_Activity:_
Please state the number of lines in the material below that contain "color", with no other words.

_Data:_
───
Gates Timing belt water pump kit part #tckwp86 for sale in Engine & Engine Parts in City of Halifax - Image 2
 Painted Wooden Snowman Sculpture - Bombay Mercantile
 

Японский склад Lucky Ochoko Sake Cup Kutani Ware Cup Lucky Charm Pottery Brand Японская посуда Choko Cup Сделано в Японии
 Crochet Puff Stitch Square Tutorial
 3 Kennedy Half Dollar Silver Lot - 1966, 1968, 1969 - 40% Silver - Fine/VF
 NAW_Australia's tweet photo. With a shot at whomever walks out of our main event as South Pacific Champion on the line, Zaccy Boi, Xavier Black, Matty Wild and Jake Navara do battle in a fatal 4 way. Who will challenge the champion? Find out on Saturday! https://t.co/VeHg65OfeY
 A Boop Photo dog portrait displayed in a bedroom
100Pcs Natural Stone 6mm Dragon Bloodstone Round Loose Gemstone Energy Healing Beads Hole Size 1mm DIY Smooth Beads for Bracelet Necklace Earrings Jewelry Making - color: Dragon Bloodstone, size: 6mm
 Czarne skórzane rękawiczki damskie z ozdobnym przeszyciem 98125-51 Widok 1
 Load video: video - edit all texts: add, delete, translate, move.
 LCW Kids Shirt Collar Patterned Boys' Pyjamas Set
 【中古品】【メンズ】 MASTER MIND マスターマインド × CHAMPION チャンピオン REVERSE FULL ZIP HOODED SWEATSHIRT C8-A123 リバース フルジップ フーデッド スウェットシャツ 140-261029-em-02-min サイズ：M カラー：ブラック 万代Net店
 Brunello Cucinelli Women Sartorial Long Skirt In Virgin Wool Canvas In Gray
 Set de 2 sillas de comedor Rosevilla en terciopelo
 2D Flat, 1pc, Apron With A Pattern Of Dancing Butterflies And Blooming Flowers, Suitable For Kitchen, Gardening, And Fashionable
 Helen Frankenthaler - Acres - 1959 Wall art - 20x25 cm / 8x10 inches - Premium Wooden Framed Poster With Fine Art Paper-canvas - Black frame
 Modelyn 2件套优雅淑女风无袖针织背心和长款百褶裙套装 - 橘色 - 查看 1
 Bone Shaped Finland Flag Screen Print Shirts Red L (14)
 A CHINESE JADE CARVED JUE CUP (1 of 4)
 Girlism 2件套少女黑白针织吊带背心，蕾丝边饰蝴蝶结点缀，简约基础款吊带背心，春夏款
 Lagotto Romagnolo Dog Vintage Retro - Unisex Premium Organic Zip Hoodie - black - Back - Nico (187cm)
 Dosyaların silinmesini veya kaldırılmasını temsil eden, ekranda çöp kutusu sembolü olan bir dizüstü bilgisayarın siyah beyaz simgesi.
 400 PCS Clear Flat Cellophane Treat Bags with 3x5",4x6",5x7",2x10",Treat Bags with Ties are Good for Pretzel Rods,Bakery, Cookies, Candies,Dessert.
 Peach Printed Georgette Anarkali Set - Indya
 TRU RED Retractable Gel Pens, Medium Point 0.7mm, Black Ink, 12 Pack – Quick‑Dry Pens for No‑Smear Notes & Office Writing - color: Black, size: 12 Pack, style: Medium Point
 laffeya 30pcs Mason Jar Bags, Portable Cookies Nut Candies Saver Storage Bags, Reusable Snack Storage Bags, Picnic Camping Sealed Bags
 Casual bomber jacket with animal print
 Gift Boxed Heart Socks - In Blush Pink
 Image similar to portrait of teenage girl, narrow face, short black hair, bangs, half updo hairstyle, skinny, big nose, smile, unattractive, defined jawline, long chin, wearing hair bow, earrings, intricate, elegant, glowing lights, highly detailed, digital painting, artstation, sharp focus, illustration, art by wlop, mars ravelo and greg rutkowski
───
_Solution to this task:_
2